[…Part I…That Moment {I Found Out an Old Friend/Colleague Completed Suicide}]
…as I mentioned, suicide is a very personal subject for me, and has touched, entered and affected my life in more ways than I can or care to count. So this subjected post had to become a two-parter.
When I read my friend’s message that Ru had taken his life, I was a stunned – I was surprised to see a message at all from her really, we aren’t that close, especially since I moved to Florida. And for the news to be about him. And for it to be that kind of news.
Let’s take roll the tape back twenty or so years. And start my story where it really begins. It was 1998, in the late summer after I graduated high school, that my own mother died by taking her own life. That whole time period surrounding her death is a blur, I remember few specific details – I’m positive that’s my brain protecting itself from the trauma of it all. I have a specific memory of standing in the outer hallway of the funeral home, next to the sign in book, but all the other memories of the funeral are vague and slight. I specifically remember riding up to the burial site, behind the car my Grandmother was in, watching her golden hair swing as the car turned through the curvy back roads. And seemingly most painful of the reality bites moments at the time, I remember my two high school best friends, sitting on my bed, telling me, quite emotionlessly that they were sorry but there was nothing they could do for me because they were about to leave for college [in state, within 30 miles away, mind you], and goodbye.

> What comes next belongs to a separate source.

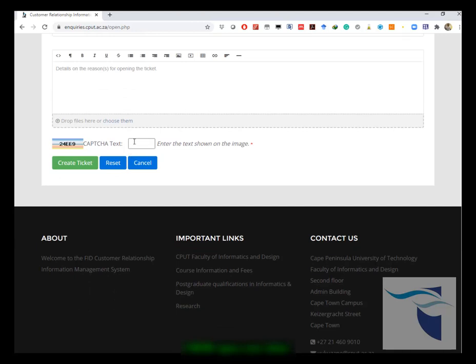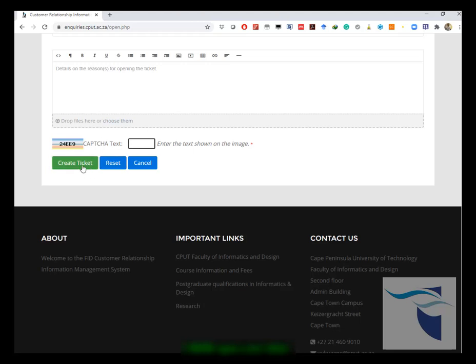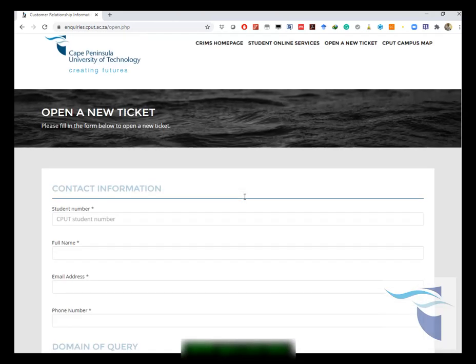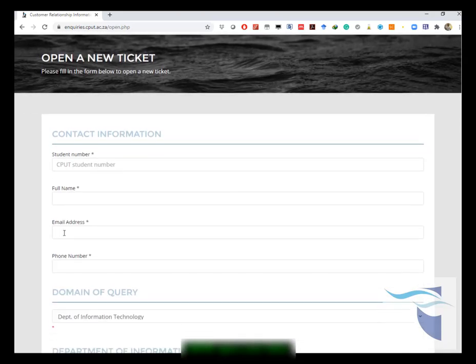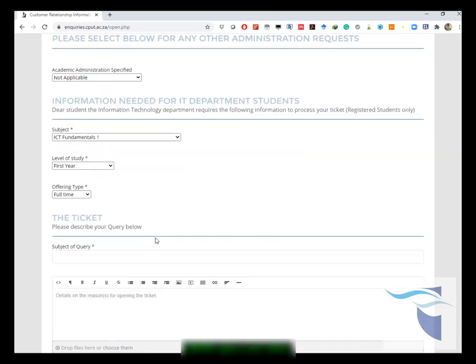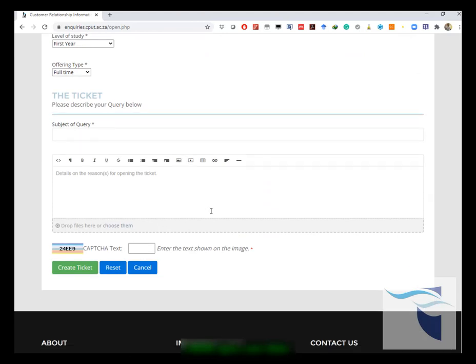After you've done that, for security reasons to validate that you're not a robot, you need to put in this code here, which is 24EE9. This would be a random code that would be randomized and it won't be the same for the next ticket. You need to enter that as shown in the image, and then you go ahead and create your ticket. You will then be notified by email that your ticket has been created, and a staff member representative will follow up with your ticket.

Obviously my mother’s suicide is a trauma in my life that has changed the way I am and who I am. I always say goodbye. I always say I love you. I’m sensitive, shy, keep many things and emotions to myself. Everything we experience in life changes us in some way, minuscule or gigantic.

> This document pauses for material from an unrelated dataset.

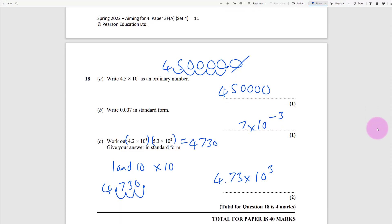Hopefully this is going to help you gain lots of marks you're currently losing. Make sure you can do these questions because if you can't, it's going to be really hard to get a grade 4. But all these questions are achievable - imagine getting 40 marks right here, and then you've got another 40 marks still to earn.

Shortly thereafter my mother’s suicide, in the winter of 1999, a best friend and someone who I also dated, Marc, jumped off the Bay Bridge. We volunteered at the Maryland City firehouse together in Anne Arundel County. That same jurisdiction had men searching the cold Chesapeake Bay waters for his body for days and never found him. This time too, seems to be a blur, but I do remember walking into the Memorial Services, in this huge church, and it was packed with firemen, dressed in their blues, it was hundreds of people.
I was heartbroken, I lost another best friend. Different terms, but again, how could I not see? I was a mere 19 this time, still naive as could be, especially because between my mother’s death and Marc’s death, I pretended like everything was ok, that nothing bothered me, that life was good. Maybe this was part of being naive, maybe this was a strange part of grieving. But I definitely still didn’t understand how complex suicidal behavior and mental health issues were. I had always thought Marc was depressed, but looking back now and understanding so much more, I think he had a personality disorder, probably one of the Cluster B disorders.
And lastly, because of many traumas, struggles, and my own depression, I too have attempted suicide. So I personally understand the hopelessness my lost loved ones felt in those last moments. In a way that makes a little easier, but in reality, it makes losing so many to suicide so much worse and more painful.
I share my story because I want others to know that if you feel depressed, if you’re struggling, you’re not alone. And it’s ok to reach out for help. PLEASE reach out for help. Call a friend. Call a family member. If you can’t any of them, call 911, they will help you. I have also listed some resources below that are helpful if you are in need. But please, don’t give up. It’s always darkest just before sunrise.
National Suicidal Prevention Hotline – The National Suicide Prevention Lifeline is a United States-based suicide prevention network of 161 crisis centers that provides a 24/7, toll-free hotline available to anyone in suicidal crisis or emotional distress.
American Foundation for Suicide Prevention – The American Foundation for Suicide Prevention is a voluntary health organization established in 1987. It funds research, runs educational programs, advocates for public policies in mental health and suicide prevention, and supports survivors of suicide loss.